If you’re self-employed, don’t fret! You can still get a loan. While it may be slightly more difficult as a self-employed borrower, there are still loans out there for you. They may just require additional documentation not usually required of a standard W-2 employee. Lenders will also rely heavily on your tax returns to verify the consistency of your self-employed income. Plan on providing at least two years of detailed returns.
A solid income
In addition to length of employment, lenders will also review your salary to confirm you’ll be able to pay the loan back.
If you make an annual salary, the lender will divide that amount by twelve to check your monthly take-home pay. If you’re paid hourly, most lenders will take your average number of hours worked per month and multiply that by your hourly wage.
If you make overtime or receive end-of-year bonuses, the lender will take two years of overtime or bonuses and then divide that by 24 to get the monthly average. And if more than 25% of your pay is from commission, the lender will take the average of 24 months of income as your take-home pay.
The process is the same if you’re self-employed; If that’s the case, you’ll likely need to supply an IRS Form 4506-T (a Transcript of Tax Return).
When we spoke to Joe Bourland, a Phoenix-based real estate agent with more than 18 years of experience, he noted that buyers who have recently switched careers (for example, if you worked in construction for 15 years but recently became a personal assistant) will also need to show two years of steady income, with no significant dip in salary that came with the job change.

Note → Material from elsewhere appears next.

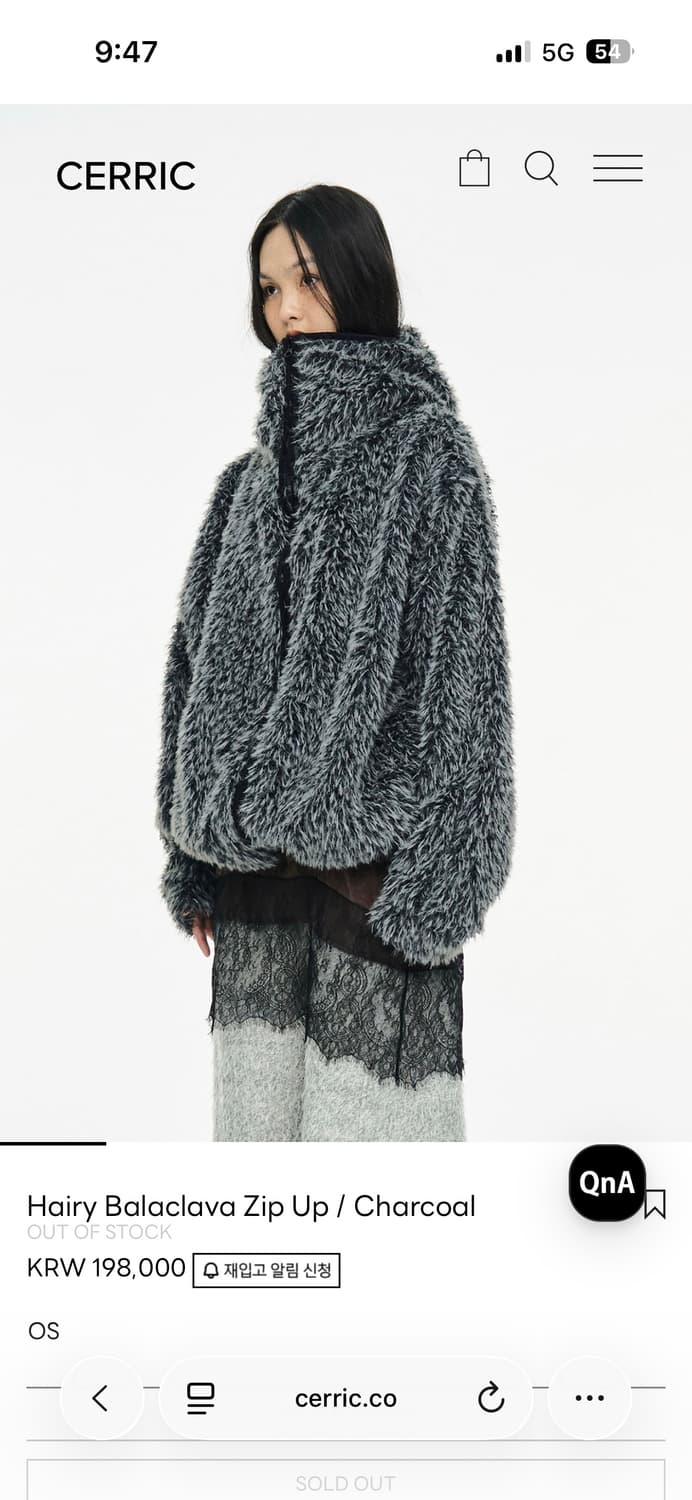 세릭 헤어리 바라클라바 집업 상품이미지2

Like income, debt is an important part of the equation and is viewed as a ratio to your income — in other words, what percentage of your income are you spending on debt?
Credit utilization accounts for 30% of your credit score, so to have the best possible credit score (and therefore get the best possible mortgage rate), it’s very important to come into the homebuying process with as little debt as possible.
Experts recommend that you keep your credit utilization below 30% in order to keep your score high; That is, make sure that you’re only borrowing 30% of the available credit offered to you. So to maximize your credit score, if your credit card has a limit of $12,000, you’ll want to keep your balance consistently at $4,000 or less.
Of course, credit utilization is only one part of the bigger picture that is your credit score.
While a great score will boost your buying power (you’ll be able to lock in a lower interest rate on your mortgage loan, possibly allowing you to borrow a higher amount), you might not need as high a credit score as you think to buy a home. Here are some popular programs for buyers with lower credit scores:
- FHA loan: This is a loan from a traditional lender that is backed by the Federal Housing Administration. You’ll typically need a credit score of at least 580 and a 3.5% down payment, though if you have a larger down payment (at least 10%) you could qualify with a score as low as 500. On an FHA loan, you will typically have to pay an upfront mortgage insurance premium that’s 1.75% of the base loan amount, and an annual premium that’s 0.7% for a 15-year loan, or 0.85% for a 30-year loan. These can often be wrapped into the loan.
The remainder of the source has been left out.